These Puff Pastry Cheese Straws (a.k.a. cheese twists) are made with just 5 ingredients and baked until golden, flaky and cheesy. Serve them warm or at room temp, and while they can be prepped ahead, they’re best enjoyed the day they’re baked.
Preheat the oven to 375°F. Line two baking sheets with parchment paper.
Lightly flour your work surface then unfold the sheets of puff pastry and roll each into a 10x12-inch rectangle. Brush the sheets of puff pastry with the egg wash.

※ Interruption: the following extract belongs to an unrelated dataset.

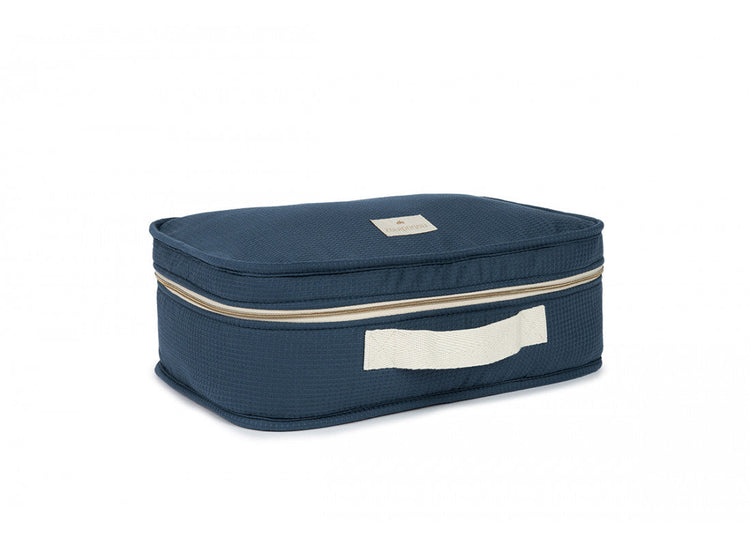 NEW ELEMENTS. Victoria Baby Suitcase Night blue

Evenly sprinkle the grated Parmesan, gruyere and poppy seeds atop the puff pastry, then use a rolling pin to lightly roll the toppings into the pastry.

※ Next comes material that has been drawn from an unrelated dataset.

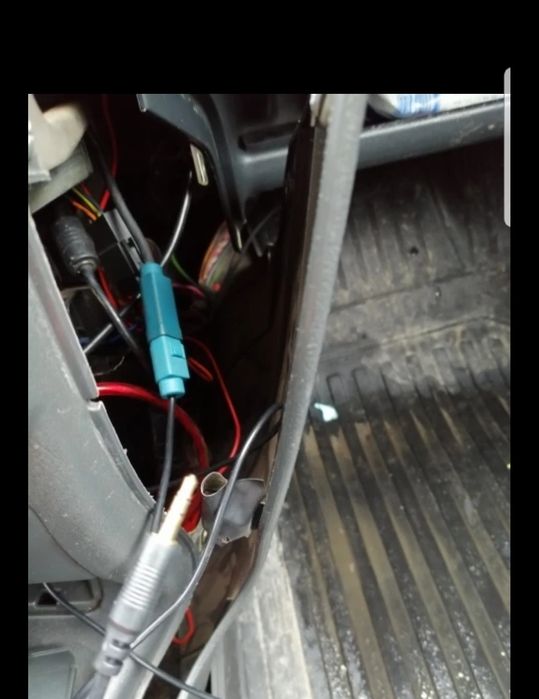 Aux alpine KCE-236B кабел алпин музика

Using a sharp knife or pizza wheel, cut each sheet of puff pastry into 1-inch strips. Twist the strips then arrange them on the baking sheets, spacing them 1 inch apart. Refrigerate the straws for 10 minutes.

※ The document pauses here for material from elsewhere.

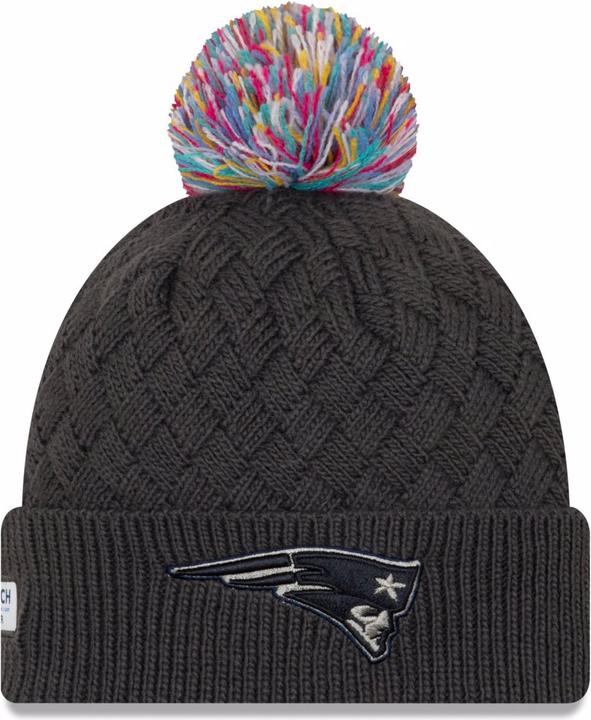 Actual product image New Era Crucial Catch New England Patriots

Bake the straws until they are golden brown and puffed, 12 to 15 minutes. Remove the straws from the oven and let them cool before serving.
Notes
Puff pastry cheese straws will taste freshest the day you bake them. If you do have leftovers, store them in an airtight container at room temp for up to 2 days and re-crisp in a 350°F oven for a few minutes.
Make-ahead: You can assemble them, refrigerate (unbaked) for up to 1 hour, then bake off just before serving.
Variations: Swap the poppy seeds for sesame seeds or everything bagel seasoning. Parmesan + Gruyère are my go-tos, but sharp cheddar, asiago or fontina all work great. You can also sprinkle in dried herbs like rosemary, oregano or Italian seasoning for extra flavor.